#071: No, Dionne, I Was Not Aware Of That
I’m Todd L. Burns, and welcome to Music Journalism Insider, a newsletter about music journalism. I highlight some of the best stuff I hear, read, and watch every week; publish news about the industry; and interview writers, scholars, and editors about their work. My goal is to share knowledge, celebrate great work, and expand the idea of what music journalism is—and where it happens. Questions, comments, concerns? You can reach me anytime at email@example.com.
Today in the newsletter: Interviews with Jockey Slut co-founder Johnno Burgess; freelance writer Shannon Nico Shreibak; Jan Reetze, the author of a new book about Krautrock; and American Gamelan and the Ethnomusicological Imagination author Elizabeth A. Clendinning. Plus! Some reading recs, a couple of YouTubes, the usual. But first…

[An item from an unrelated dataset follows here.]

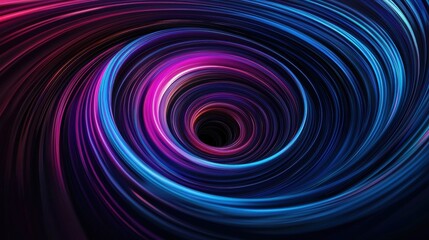 Dynamic Swirling Colors in Abstract Space with Light Effects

Liz Pelly on Spotify’s podcast strategy
Jeffrey Arlo Brown goes deep on a mysterious classical music label
Jonathan Bernstein tells the story of the Black Country Music Association [h/t Laura Stavropoulos]

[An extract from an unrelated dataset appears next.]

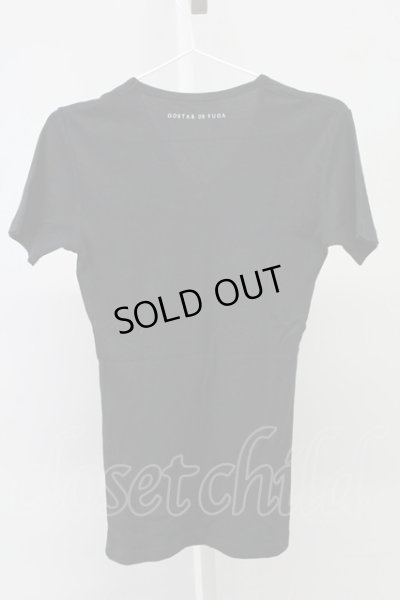 画像2: GOSTAR DE FUGA / 半袖エンブレム刺繍Tシャツ 44 ブラック T-25-09-05-003-GO-ts-YM-ZT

Kim Kelly on how heavy metal is grappling with white supremacy
Ashawnta Jackson highlights the surprising story of how guitars were once an instrument mostly played by women
Randall Roberts has recently published a few articles on music preservation
The first articles from the Global GROOVE electronic music journalism project are now available
Christopher Phillips profiles early rock critic Jon Landau
Q&A: Johnno Burgess
Johnno Burgess is a co-founder of the dance music magazine Jockey Slut. Inspired by the irreverent style of Smash Hits and a love of dance music, Jockey Slut captured the ‘90s electronic music scene in all of its ridiculous glory. (There’s a great piece about the magazine’s history in VICE from 2015.) Recently, Jockey Slut has reappeared—for the first time since it closed in 2004—for a tribute to the late Andrew Weatherall. In this excerpt from our interview, Johnno explains the idea behind the original incarnation of the magazine.

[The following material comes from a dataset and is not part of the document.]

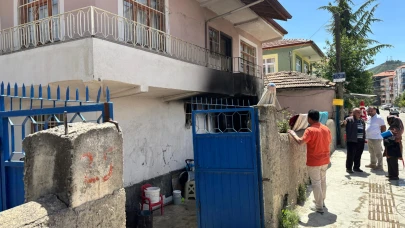 Sungurlu’da maddi hasarlı ev yangını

The name was originally going to be a t-shirt—a ‘DJ Slut’ (Disc-Jockey Slut) was a name Paul came up with to describe the mainly male trainspotters that would hang around a DJ booth attempting to see the records the DJ was playing. We liked the Manic Street Preachers who would use slogans like ‘Culture Slut’ and ‘Media Slut’ so that influenced it too. We started the magazine because we wanted to work on something after Polytechnic together and often talked about starting a fanzine when we were chilling out after a club (usually the Hacienda which closed at 2am). We also thought there was a gap in the market as club magazines like Mixmag and DJ Mag were very much about clubs or DJ technology and we wanted to write more about the personalities in techno like Andrew Weatherall or the Chemical Brothers.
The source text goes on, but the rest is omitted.